Transcribe the listing below only from the line with "Svart blus med" up to and including the line with "Chris Ray of".

________

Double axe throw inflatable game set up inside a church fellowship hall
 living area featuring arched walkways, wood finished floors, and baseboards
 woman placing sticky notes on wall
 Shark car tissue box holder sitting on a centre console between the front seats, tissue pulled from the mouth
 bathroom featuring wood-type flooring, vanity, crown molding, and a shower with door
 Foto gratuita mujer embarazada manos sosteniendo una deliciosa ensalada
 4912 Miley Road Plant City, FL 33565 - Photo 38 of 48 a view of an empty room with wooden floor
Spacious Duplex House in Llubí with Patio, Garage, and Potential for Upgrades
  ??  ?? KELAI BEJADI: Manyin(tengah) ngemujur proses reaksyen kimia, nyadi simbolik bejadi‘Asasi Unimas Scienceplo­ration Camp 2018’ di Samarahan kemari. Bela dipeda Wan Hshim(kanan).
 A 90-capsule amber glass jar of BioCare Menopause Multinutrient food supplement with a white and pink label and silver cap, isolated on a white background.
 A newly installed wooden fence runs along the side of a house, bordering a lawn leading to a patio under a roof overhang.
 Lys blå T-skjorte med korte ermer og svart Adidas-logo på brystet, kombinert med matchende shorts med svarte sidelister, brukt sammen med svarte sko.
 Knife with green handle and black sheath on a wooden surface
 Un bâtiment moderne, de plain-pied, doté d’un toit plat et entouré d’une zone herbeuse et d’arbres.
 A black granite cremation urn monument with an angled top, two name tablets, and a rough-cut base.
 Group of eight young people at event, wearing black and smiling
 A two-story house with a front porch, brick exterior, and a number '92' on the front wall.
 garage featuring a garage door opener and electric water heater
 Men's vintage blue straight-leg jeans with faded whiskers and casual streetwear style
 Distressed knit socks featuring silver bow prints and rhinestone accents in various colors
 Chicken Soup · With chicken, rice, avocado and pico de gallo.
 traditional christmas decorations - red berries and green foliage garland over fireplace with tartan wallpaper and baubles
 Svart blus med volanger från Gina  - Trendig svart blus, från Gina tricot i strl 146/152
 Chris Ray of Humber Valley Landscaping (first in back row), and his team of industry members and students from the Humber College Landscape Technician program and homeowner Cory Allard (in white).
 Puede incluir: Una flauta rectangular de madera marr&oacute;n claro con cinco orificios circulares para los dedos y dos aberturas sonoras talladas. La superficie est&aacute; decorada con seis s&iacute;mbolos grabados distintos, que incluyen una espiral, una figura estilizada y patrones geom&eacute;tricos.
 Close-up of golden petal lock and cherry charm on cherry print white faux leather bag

________

Result below =
 Svart blus med volanger från Gina  - Trendig svart blus, från Gina tricot i strl 146/152
 Chris Ray of Humber Valley Landscaping (first in back row), and his team of industry members and students from the Humber College Landscape Technician program and homeowner Cory Allard (in white).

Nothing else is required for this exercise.